Captioned web image data
^^^^^^^^
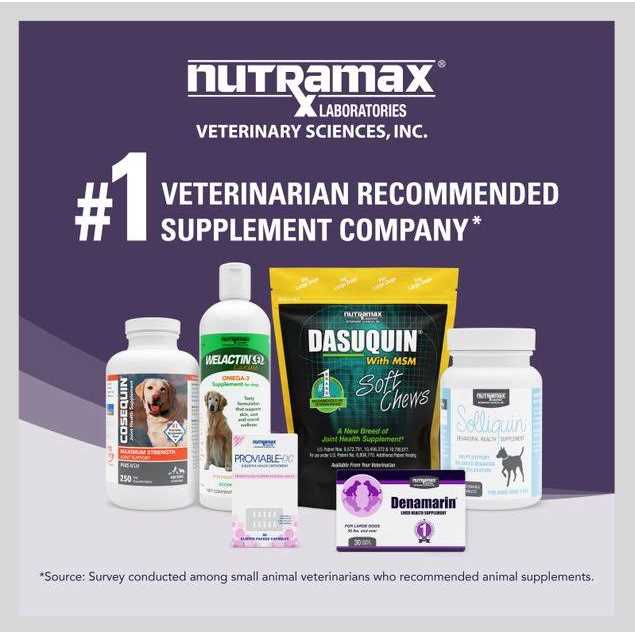 Liver Health Tablets Dogs A2521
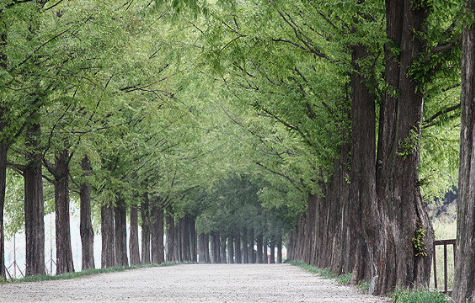 담양 메타스콰이어길의 봄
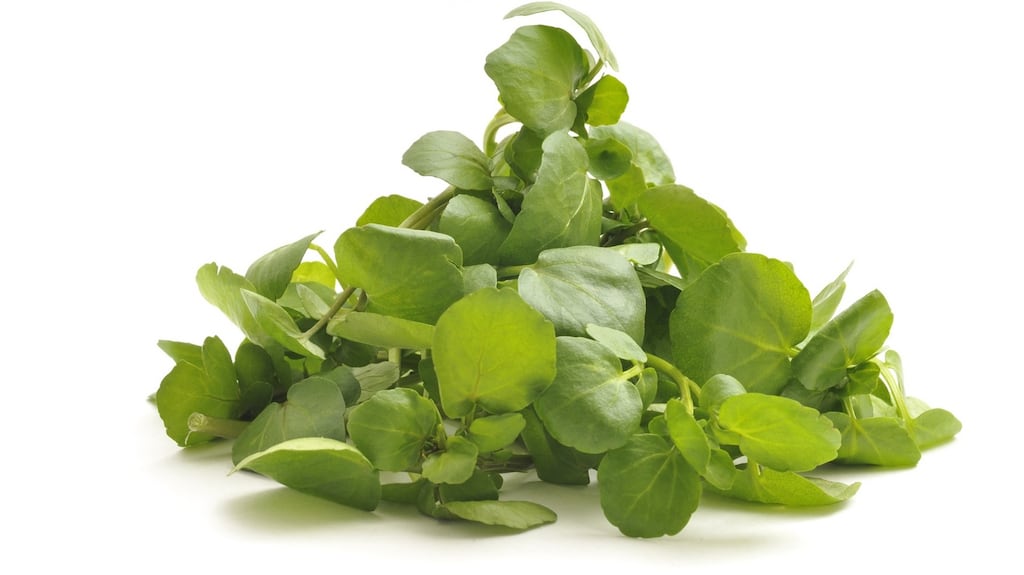 Watercress  pairs well with fatty fish such as eel and salmon. Photograph: iStock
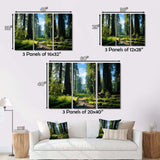 Redwood Giants Tree Forest II - Floral Canvas Wall Art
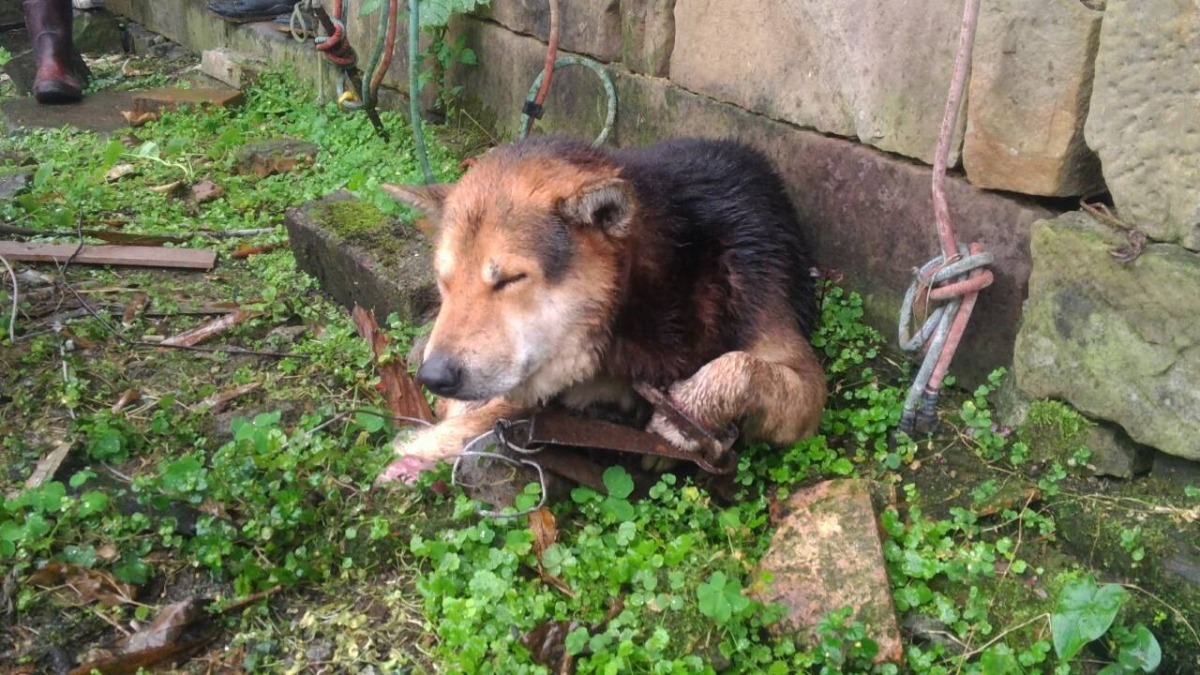 被獸鋏夾傷的狗兒跑到民宅前求救。 基隆市動物保護防疫所/提供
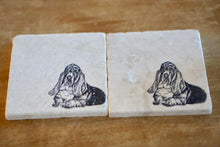 Basset Hound Marble Coasters - Lace, Grace & Peonies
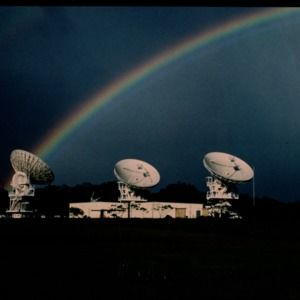 Meet your Posher, Steve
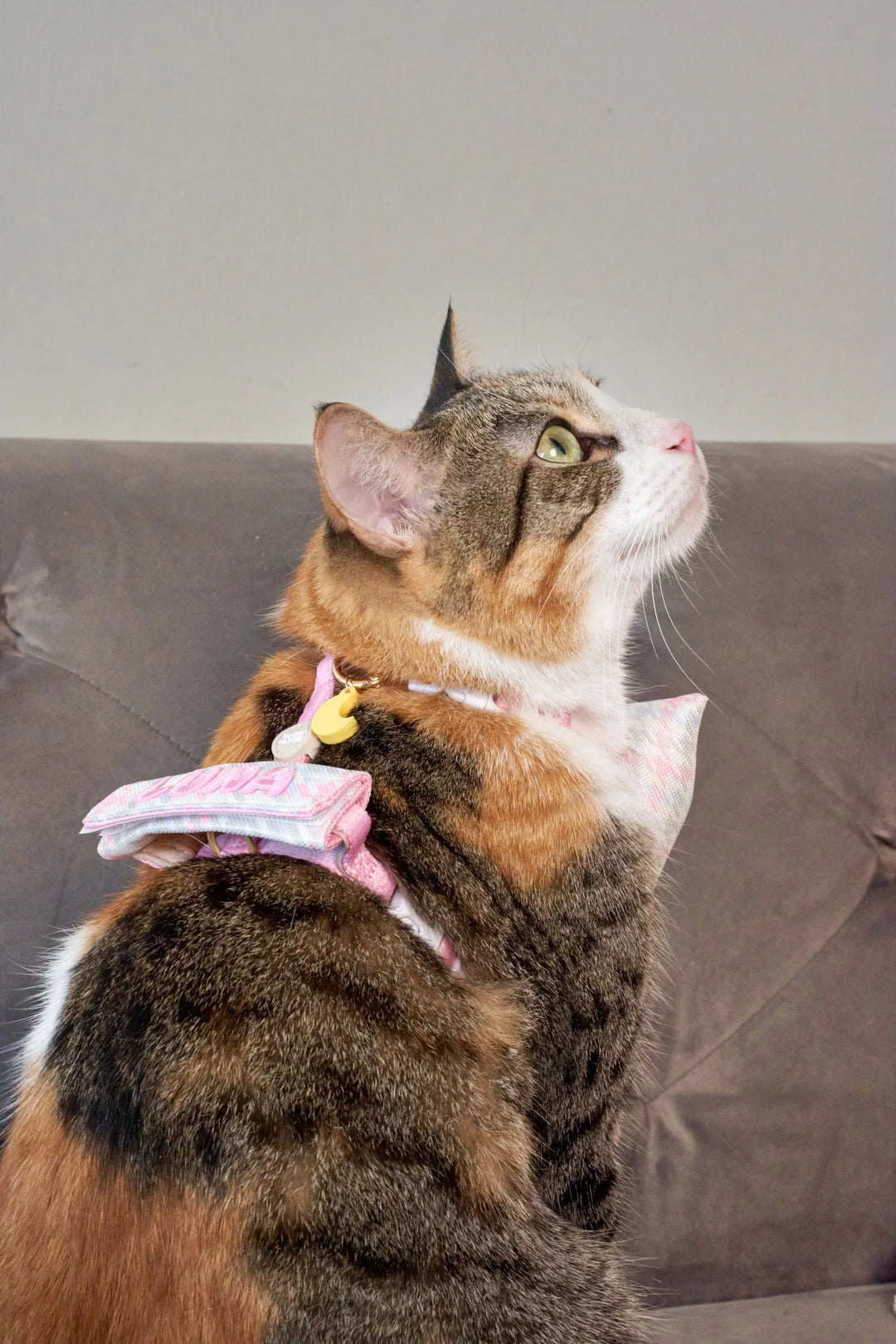 AIR HARNESS Rose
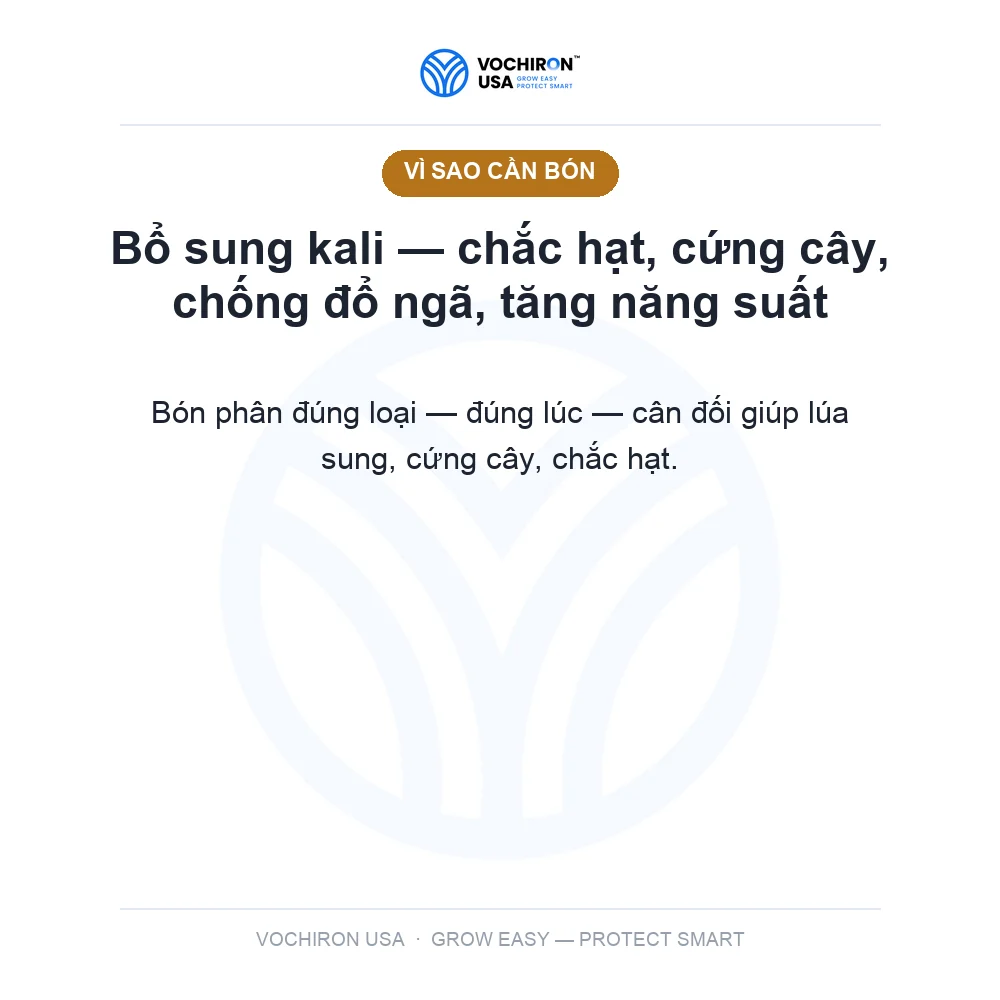 Phân Kali — slide 2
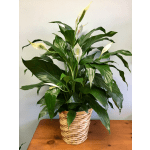 Potted peace lily with white blooms in a woven basket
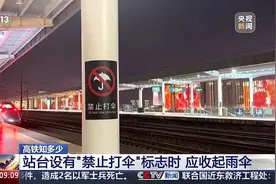 这里打伞有触电风险？权威说法来了！图片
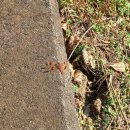 깊어가는 가을의 플로리스트(10월) | 한국외대 글로벌캠퍼스 &#39;명수당&#39;의 가을 : 25년 10월 29일 방문 후기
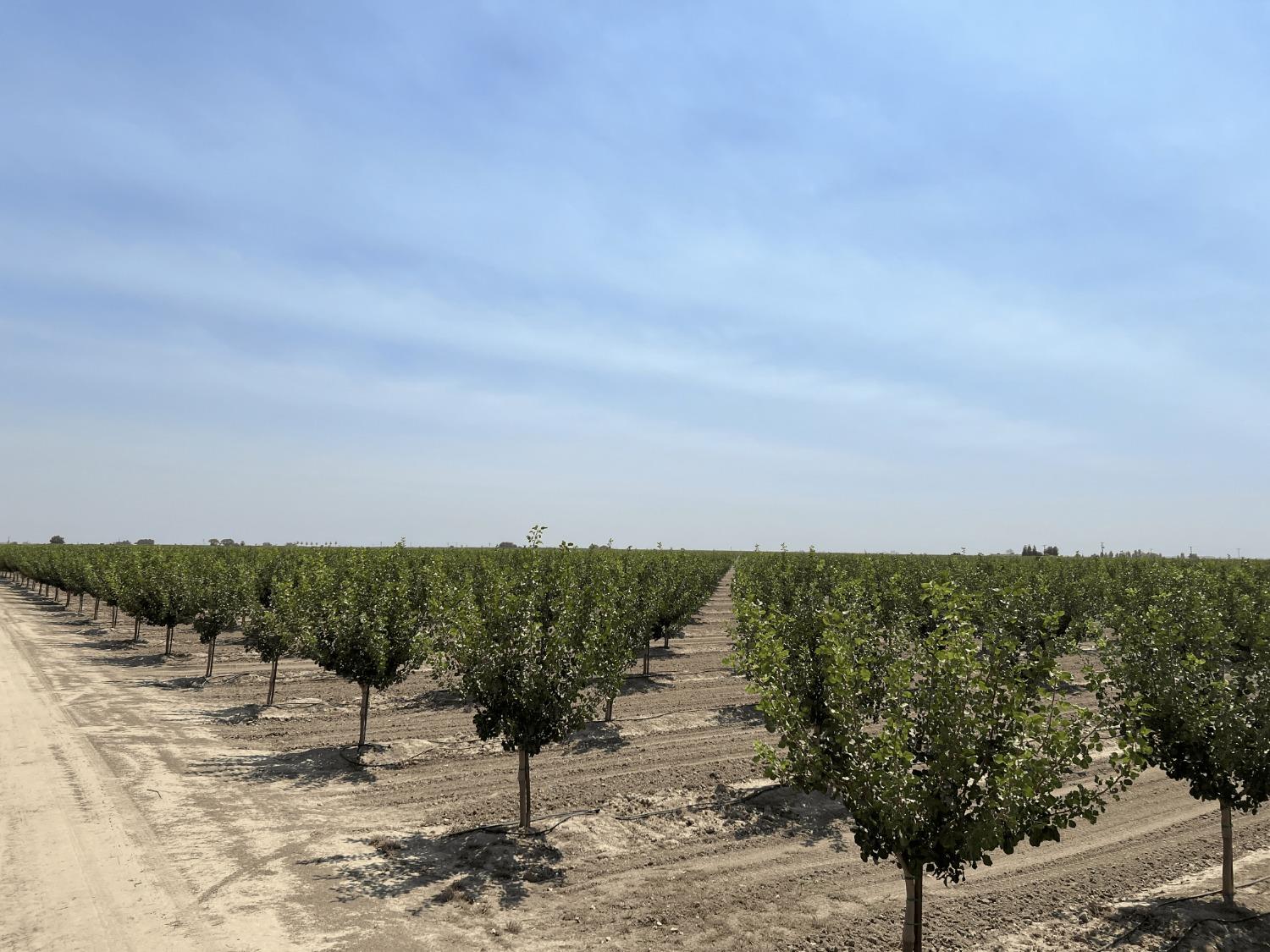 0 - Idaho Ave, Hanford, CA 93230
^^^^^^^^
(WORK ITEM) Without including any pictures, copy every line above exactly.

(SOLUTION)
 Liver Health Tablets Dogs A2521
 담양 메타스콰이어길의 봄
 Watercress  pairs well with fatty fish such as eel and salmon. Photograph: iStock
 Redwood Giants Tree Forest II - Floral Canvas Wall Art
 被獸鋏夾傷的狗兒跑到民宅前求救。 基隆市動物保護防疫所/提供
 Basset Hound Marble Coasters - Lace, Grace & Peonies
 Meet your Posher, Steve
 AIR HARNESS Rose
 Phân Kali — slide 2
 Potted peace lily with white blooms in a woven basket
 这里打伞有触电风险？权威说法来了！图片
 깊어가는 가을의 플로리스트(10월) | 한국외대 글로벌캠퍼스 &#39;명수당&#39;의 가을 : 25년 10월 29일 방문 후기
 0 - Idaho Ave, Hanford, CA 93230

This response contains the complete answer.